Lo más revelador de esta es que, mientras intenta dilucidar el universo emocional e íntimo de un hombre que se antojaba huidizo e indescifrable incluso para sus más allegados, nos va dejando ver lo honda que era la capacidad de análisis psicológico de la propia escritora. Como Chejov, Irène es una magnífica buceadora de mentes ajenas. Se nota en pasajes como el siguiente: “¿Disfruta al menos Antón imaginando, componiendo, sus relatos? ¡Ni eso! Escribe con prisa, con fastidio, atento tan solo a no superar el número de líneas que le ha encargado el periódico. No tiene ninguna confianza en sí mismo. De niño le inculcaron la modestia a bofetadas y puñetazos. No puede librarse del sentimiento de inferioridad, de insignificancia, que siempre ha tenido en casa, en la escuela.”

Natalia fue mucho más escueta, fáctica y periodística, en consonancia además con su estilo a veces vecino de lo telegráfico. De esta manera comienza su biografía: “Antón Chéjov nació en Taganrog el 17 de enero de 1960. [… ] Cuando él nació, su hermano Alexsander tenía cinco años; su hermano Nikolai, dos.”

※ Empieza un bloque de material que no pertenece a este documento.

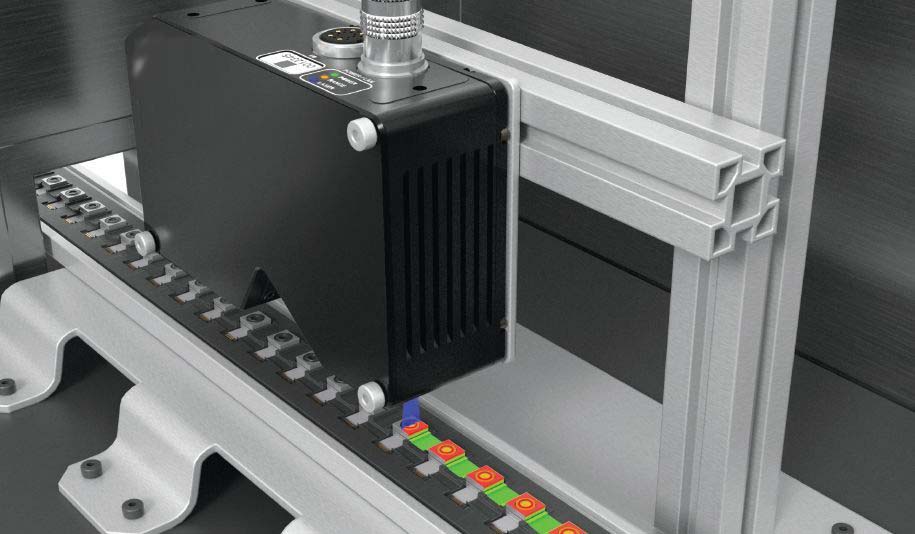 3D視覺檢測設備系統(tǒng)（電子行業(yè)產(chǎn)品智能檢測應用）-機器視覺_視覺檢測設備_3D視覺_缺陷檢測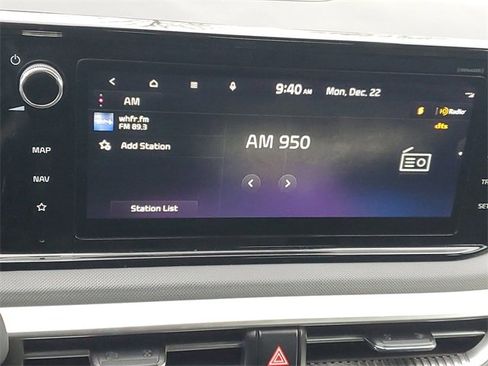 Used 2024 Kia K5 GT-Line image 23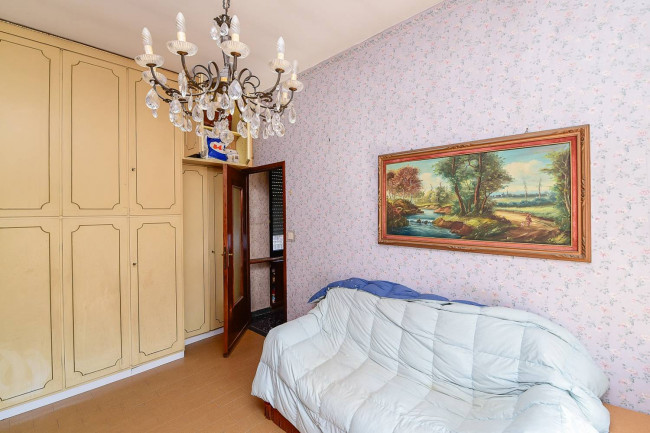 Casa singola in vendita a Desio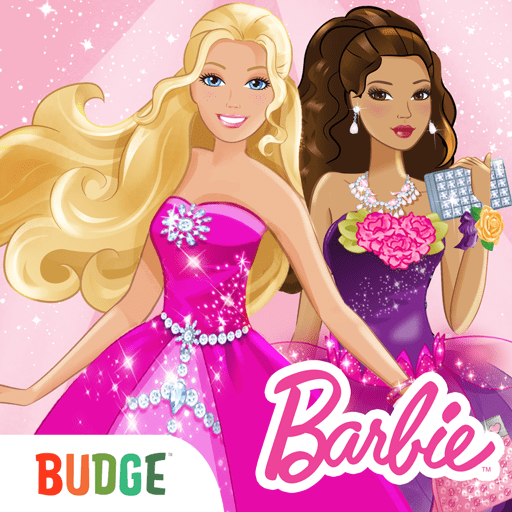 芭比的时尚魔法官方正版(Barbie Magical)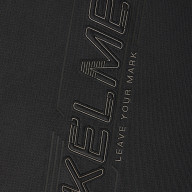 Свитшот KELME Crew Neck Sweatshirt Black - Свитшот KELME Crew Neck Sweatshirt Black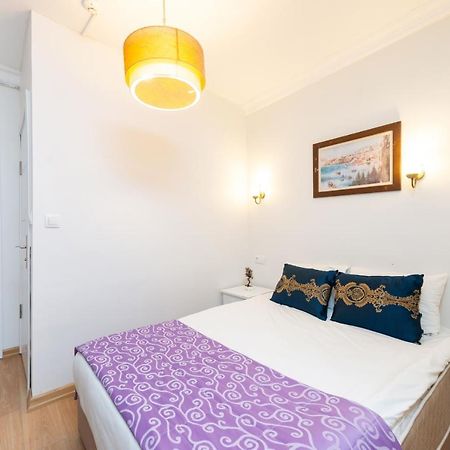 Istanbul House Hotel Kültér fotó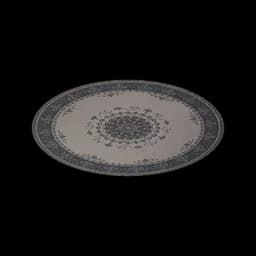 Round Rug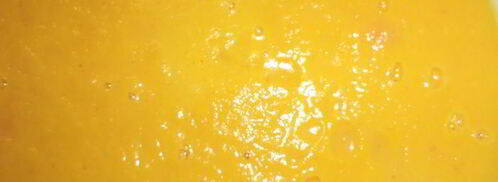 тыквенный суп-пюре с чесночными сухариками. Шаг 4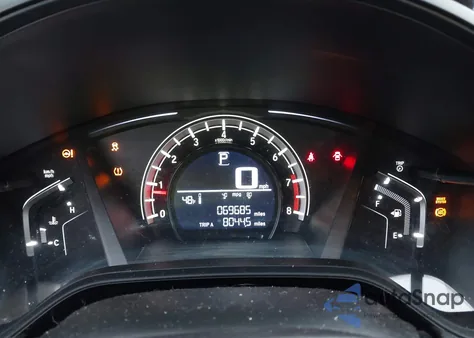 2017 Honda Cr-V Lx from USA, damaged, VIN 2HKRW6H32HH207978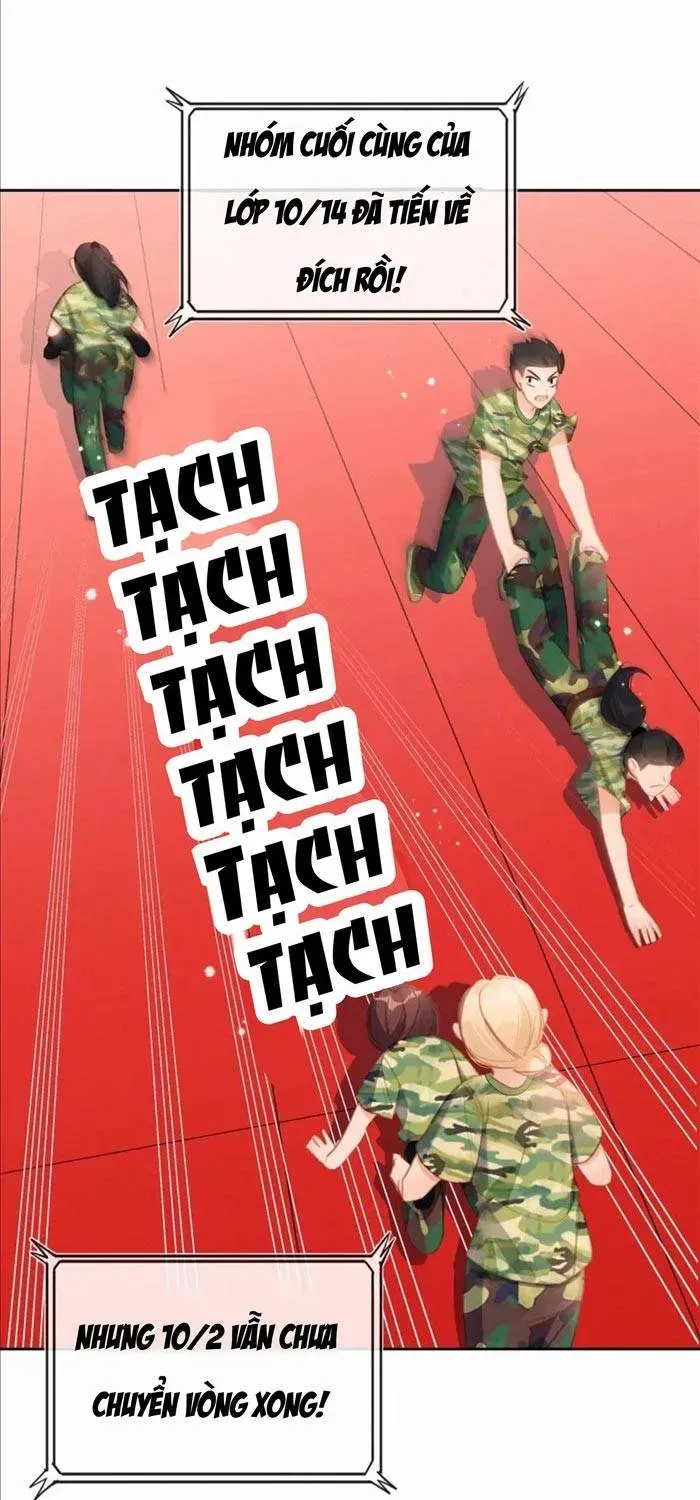 Gửi Đến Người Đặc Biệt Chapter 28 - Trang 4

Sin duda, había leído y se había nutrido del libro de su antecesora. A lo largo de todo el relato, Ginzburg se centra en los hechos concretos de la vida de Chéjov, en los problemas surgidos del entorno de su familia y en su crecimiento como escritor. Este dato, por ejemplo, nos lo muestra de forma sutil al ir sembrando la información acerca del incremento en el pago por línea que recibe el autor ruso a medida que se vuelve más conocido. Como Chéjov, Ginzburg narra de manera elíptica, sugerida, y es el lector el que debe trazar asociaciones o entresacar las deducciones.

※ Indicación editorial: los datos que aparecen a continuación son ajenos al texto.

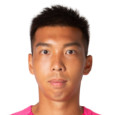 Ho chun ho headshot photo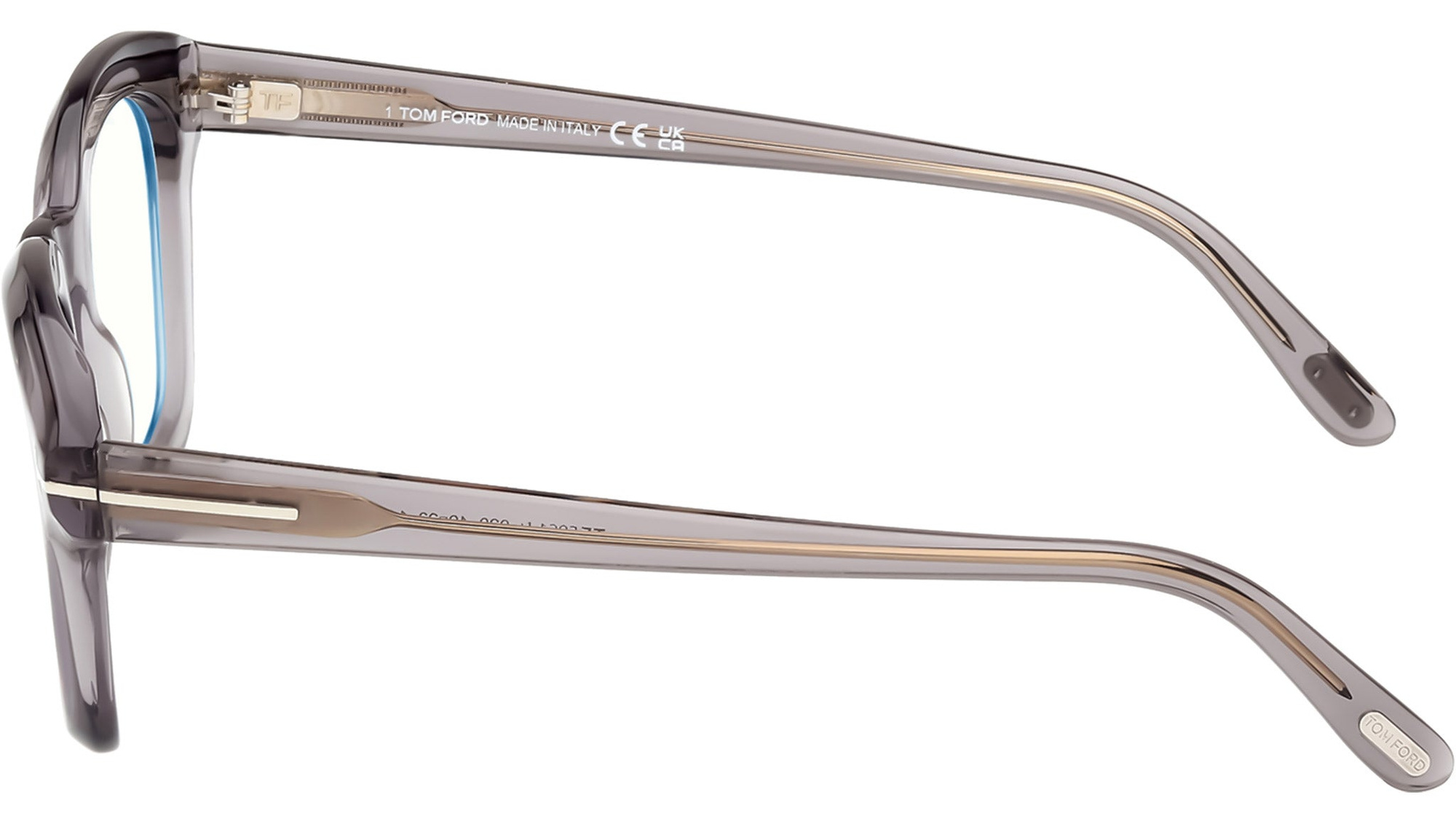 Tom Ford Okulary korekcyjne FT5961-B-020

También descubrimos lo especial de la relación del autor con su hermana María cuando ella evita casarse porque cree que eso es lo que su hermano espera, mientras que a su hermano le fastidia el hecho de que ella no dé el paso hacia el matrimonio. Ese malentendido propio de la incomunicación es, al mismo tiempo, un rasgo típico de los personajes de Ginzburg. Así como destaca el momento en que, al mudarse toda la familia a una casa nueva conseguida por Antón, María coloca sobre su cama de soltera un cuadro del hermano. Un logro de la autora italiana es esa capacidad natural para decir sin decir.

Sin más que unas pocas sugerencias, Natalia nos vuelve suspicaces del tratamiento que daba Chéjov a las mujeres: era arisco, burlón, cínico con ellas. La identificación que establece entre el autor y el protagonista de “La dama del perrito” –un hombre reacio a formar pareja hasta que se enamora de mayor– termina de confirmar el carácter misógino de Antón Chéjov. Tanto como su actitud ante el compromiso, comprobable cuando el autor de El jardín de los cerezos comenta a un amigo, según cita adrede Ginzburg: “Y sí, señor mío, me he casado. Ya me he acostumbrado, o casi, a mi nuevo estado, es decir, a la pérdida de ciertos privilegios y derechos, y me siento bien. Mi esposa es una persona notable, nada tonta, con un alma hermosa”.